CPU times: user 3.77 s, sys: 3.84 s, total: 7.61 s
Wall time: 8.33 s


In [36]:
# Verifying that we have compatible shapes of correct dimensionality
(train_hashed.shape, y_train.shape)

((3322714, 4194304), (3322714,))

In [37]:
# We'll use the Multinomial Naive Bayes classifier, since each of our features may have a multinomial distribution
nb = MultinomialNB()

In [38]:
# Training the model 
%time nb.fit(train_hashed, y_train)

CPU times: user 1.06 s, sys: 179 ms, total: 1.23 s
Wall time: 1.25 s


MultinomialNB(alpha=1.0, class_prior=None, fit_prior=True)

In [39]:
# Getting predictions for train from our training set
y_hat = nb.predict(train_hashed)

In [40]:
# Making sure we have the right number of predictions
(y_hat.shape, y_train.shape)

((3322714,), (3322714,))

In [41]:
# Scoring our train predictions. They should be close to 1. 
roc_auc_score(y_train, y_hat) 

0.5632392676589077

In [42]:
log_loss(y_train, nb.predict_proba(train_hashed))

0.6895454334215533

In [43]:
# This shows that we guessed 0 for each one of our rows.
unique, counts = np.unique(y_hat, return_counts=True)
print(unique, counts)

[0 1] [1751384 1571330]


MultinomialNB did make guesses in both classes, but did not achieve very good results. Let's try a different Bayesian model.

In [44]:
bnb = BernoulliNB()
bnb = bnb.fit(train_hashed, y_train)
y_hat_bnb = bnb.predict(train_hashed)
print(roc_auc_score(y_train, y_hat_bnb))
unique, counts = np.unique(y_hat_bnb, return_counts=True)
print(unique, counts)

0.5666945755788791
[0 1] [1766735 1555979]


Now let's try Logistic Regression

In [None]:
lr = LogisticRegression()
%time lr = lr.fit(train_hashed, y_train)
y_hat_lr = lr.predict(train_hashed)
print(roc_auc_score(y_train, y_hat_lr)) 
unique, counts = np.unique(y_hat_lr, return_counts=True)
print(unique, counts)

Similar results, and we are now predicting both classes, but we're not doing much better than the baseline (.5).

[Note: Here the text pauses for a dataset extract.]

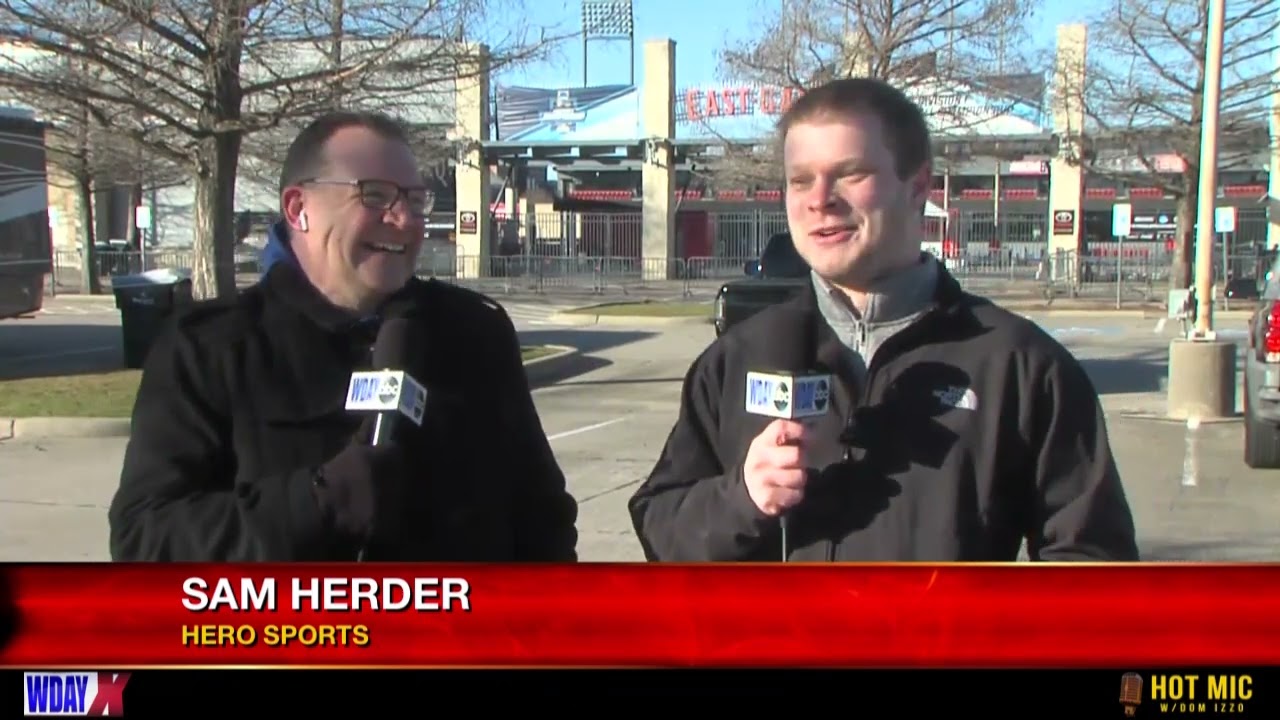 Hot Mic Interview: Sam Herder on the title matchup between NDSU and Montana State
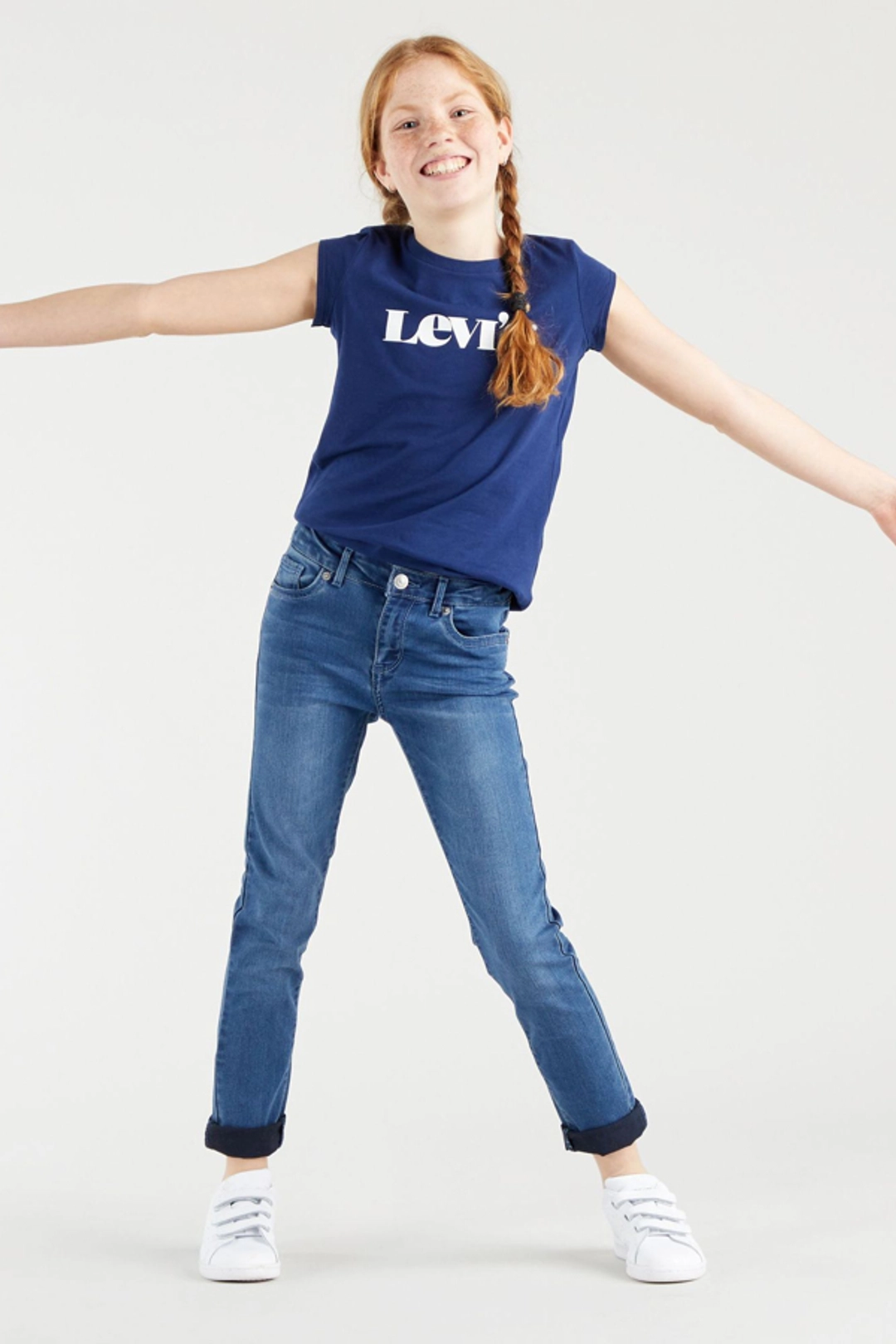 Levi's Ado Jean 710 Super Skinny - Femme - Bleu / Complex - 16A - 2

Let's try two more models on the same data set.

In [None]:
xg = xgboost()
%time xg = xg.fit(train_hashed, y_train)
y_hat_xg = xg.predict(train_hashed)
print(roc_auc_score(y_train, y_hat_xg)) 
unique, counts = np.unique(y_hat_xg, return_counts=True)
print(unique, counts)

In [None]:
rf = RandomForestClassifier()
%time rf = rf.fit(train_hashed, y_train)
y_hat_rf = rf.predict(train_hashed)
print(roc_auc_score(y_train, y_hat_rf)) 
unique, counts = np.unique(y_hat_rf, return_counts=True)
print(unique, counts)

### Conclusion
With undersampling of the majority class, we are able to see some positive impact on predictions from the FeatureHasher columns - however it is fairly minimal (+.05 Roc-Auc score).